The problem: Copy out the lines of the records below, and only those lines, from the one with "Chic Neutral Faceless" through the one with "Gélový kryt mmCase", exactly as they appear.

Stored data
- Opening Delimiter -
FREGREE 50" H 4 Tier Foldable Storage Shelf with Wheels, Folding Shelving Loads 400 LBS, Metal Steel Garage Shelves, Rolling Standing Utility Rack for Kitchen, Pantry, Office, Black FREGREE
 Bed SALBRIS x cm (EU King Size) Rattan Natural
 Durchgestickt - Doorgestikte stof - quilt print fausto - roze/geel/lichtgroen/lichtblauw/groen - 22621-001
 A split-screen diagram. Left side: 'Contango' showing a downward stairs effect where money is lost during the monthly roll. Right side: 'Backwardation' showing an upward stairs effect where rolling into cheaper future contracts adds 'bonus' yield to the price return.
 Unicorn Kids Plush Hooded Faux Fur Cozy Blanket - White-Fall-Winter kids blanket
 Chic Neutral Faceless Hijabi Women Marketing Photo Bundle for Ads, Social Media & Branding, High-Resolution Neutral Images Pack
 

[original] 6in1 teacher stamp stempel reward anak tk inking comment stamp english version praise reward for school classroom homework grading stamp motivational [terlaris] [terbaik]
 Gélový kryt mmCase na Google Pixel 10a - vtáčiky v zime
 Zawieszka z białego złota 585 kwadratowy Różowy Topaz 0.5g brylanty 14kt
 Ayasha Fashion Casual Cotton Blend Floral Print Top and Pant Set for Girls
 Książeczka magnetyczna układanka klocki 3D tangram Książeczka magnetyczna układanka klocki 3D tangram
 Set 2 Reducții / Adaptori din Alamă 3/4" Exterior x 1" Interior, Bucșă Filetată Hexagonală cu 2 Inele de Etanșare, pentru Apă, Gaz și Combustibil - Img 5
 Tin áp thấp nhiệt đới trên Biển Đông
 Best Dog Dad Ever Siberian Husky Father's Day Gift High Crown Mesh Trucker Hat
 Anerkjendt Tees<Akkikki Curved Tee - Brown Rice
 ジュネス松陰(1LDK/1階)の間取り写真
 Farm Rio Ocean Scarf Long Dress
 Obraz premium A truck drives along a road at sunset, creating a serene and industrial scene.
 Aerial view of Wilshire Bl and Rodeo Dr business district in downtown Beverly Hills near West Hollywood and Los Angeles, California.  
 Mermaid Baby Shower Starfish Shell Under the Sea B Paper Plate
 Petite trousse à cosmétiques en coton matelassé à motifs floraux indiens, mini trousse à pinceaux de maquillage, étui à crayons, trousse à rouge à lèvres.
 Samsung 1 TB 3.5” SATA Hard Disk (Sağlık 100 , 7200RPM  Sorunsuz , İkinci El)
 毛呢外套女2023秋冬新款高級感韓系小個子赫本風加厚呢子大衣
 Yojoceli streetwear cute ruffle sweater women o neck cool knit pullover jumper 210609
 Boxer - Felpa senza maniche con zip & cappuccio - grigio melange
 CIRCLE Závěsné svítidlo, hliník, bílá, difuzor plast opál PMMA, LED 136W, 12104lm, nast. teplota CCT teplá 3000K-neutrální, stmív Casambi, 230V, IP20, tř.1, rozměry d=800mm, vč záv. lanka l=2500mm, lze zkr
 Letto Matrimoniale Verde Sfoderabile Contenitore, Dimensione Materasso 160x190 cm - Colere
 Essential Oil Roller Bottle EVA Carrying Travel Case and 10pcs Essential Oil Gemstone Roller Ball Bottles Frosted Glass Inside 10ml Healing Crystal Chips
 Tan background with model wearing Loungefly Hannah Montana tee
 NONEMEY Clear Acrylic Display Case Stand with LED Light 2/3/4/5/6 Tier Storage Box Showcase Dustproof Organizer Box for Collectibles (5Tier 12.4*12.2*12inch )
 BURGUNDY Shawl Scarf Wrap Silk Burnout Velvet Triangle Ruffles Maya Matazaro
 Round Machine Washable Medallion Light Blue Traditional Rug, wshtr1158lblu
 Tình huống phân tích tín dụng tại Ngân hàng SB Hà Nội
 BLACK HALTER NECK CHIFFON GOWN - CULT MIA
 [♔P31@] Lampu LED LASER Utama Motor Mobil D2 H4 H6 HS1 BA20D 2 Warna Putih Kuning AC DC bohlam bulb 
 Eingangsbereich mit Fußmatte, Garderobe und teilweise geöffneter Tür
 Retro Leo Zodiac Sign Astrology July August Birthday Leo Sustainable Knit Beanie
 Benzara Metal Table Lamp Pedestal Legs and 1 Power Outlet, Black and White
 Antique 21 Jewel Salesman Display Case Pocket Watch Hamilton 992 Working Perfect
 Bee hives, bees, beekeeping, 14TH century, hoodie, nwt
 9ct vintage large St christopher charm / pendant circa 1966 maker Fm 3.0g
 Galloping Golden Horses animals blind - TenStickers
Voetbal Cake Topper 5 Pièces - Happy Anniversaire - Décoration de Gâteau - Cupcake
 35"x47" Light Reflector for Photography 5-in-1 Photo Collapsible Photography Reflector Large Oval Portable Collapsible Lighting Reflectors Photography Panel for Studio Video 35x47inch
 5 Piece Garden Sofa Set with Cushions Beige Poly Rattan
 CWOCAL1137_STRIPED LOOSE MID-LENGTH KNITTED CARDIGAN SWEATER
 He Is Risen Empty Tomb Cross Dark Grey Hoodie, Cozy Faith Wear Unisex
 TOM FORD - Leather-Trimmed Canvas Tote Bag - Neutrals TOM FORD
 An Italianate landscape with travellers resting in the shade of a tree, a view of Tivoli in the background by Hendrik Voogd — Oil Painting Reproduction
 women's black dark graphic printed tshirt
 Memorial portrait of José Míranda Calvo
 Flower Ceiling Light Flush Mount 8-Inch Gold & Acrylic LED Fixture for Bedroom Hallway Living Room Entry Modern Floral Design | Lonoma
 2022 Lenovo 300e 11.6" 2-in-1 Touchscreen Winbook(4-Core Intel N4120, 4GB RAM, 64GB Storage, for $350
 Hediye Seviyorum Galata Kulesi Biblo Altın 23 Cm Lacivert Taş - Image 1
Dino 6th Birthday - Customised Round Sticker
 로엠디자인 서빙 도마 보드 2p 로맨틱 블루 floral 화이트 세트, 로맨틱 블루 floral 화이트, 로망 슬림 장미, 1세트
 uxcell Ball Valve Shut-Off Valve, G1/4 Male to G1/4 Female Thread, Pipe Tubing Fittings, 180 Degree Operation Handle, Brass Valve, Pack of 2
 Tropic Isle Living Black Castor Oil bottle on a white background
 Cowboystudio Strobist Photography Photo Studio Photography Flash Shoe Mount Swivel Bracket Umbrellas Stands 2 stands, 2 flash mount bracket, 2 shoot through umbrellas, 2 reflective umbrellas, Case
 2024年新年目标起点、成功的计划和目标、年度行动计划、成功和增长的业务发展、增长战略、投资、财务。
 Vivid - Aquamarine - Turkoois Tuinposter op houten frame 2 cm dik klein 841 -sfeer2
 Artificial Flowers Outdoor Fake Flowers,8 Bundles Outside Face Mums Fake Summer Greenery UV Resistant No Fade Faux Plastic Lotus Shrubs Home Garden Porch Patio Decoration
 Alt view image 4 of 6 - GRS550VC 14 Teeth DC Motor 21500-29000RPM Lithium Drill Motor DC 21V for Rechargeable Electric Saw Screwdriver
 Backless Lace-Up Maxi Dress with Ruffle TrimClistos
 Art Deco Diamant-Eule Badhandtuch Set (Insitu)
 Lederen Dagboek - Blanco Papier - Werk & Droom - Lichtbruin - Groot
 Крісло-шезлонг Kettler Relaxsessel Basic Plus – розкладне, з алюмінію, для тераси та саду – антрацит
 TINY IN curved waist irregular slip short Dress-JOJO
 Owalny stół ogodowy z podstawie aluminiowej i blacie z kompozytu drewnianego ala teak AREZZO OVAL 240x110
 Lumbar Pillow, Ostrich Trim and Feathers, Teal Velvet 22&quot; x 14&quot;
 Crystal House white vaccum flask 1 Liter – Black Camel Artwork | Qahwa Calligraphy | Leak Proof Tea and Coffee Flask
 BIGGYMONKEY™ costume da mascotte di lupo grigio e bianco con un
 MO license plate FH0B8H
- Closing Delimiter -
Solution:
 Chic Neutral Faceless Hijabi Women Marketing Photo Bundle for Ads, Social Media & Branding, High-Resolution Neutral Images Pack
 

[original] 6in1 teacher stamp stempel reward anak tk inking comment stamp english version praise reward for school classroom homework grading stamp motivational [terlaris] [terbaik]
 Gélový kryt mmCase na Google Pixel 10a - vtáčiky v zime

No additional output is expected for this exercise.